--- SUPPLIED DATA ---
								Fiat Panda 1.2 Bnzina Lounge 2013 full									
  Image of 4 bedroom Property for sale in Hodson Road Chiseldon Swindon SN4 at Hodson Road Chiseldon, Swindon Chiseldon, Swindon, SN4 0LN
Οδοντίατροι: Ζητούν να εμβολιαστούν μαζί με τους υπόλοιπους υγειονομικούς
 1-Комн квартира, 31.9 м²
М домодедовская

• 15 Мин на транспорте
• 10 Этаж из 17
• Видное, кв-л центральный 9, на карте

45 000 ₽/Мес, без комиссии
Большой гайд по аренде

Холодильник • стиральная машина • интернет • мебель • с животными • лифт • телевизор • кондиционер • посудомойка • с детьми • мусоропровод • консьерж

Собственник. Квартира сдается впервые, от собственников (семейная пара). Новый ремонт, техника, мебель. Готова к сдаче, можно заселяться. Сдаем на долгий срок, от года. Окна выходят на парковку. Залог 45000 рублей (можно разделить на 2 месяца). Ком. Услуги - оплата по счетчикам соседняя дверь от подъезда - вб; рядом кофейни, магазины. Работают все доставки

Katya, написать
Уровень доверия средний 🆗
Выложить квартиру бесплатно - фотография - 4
---
**ASSIGNMENT**
When the line with "9, на карте" is reached in the data above, begin copying, and stop after the line with "Холодильник • стиральная"; copy each line exactly, both ends included.

**ANSWER TO THE EXERCISE**
• Видное, кв-л центральный 9, на карте

45 000 ₽/Мес, без комиссии
Большой гайд по аренде

Холодильник • стиральная машина • интернет • мебель • с животными • лифт • телевизор • кондиционер • посудомойка • с детьми • мусоропровод • консьерж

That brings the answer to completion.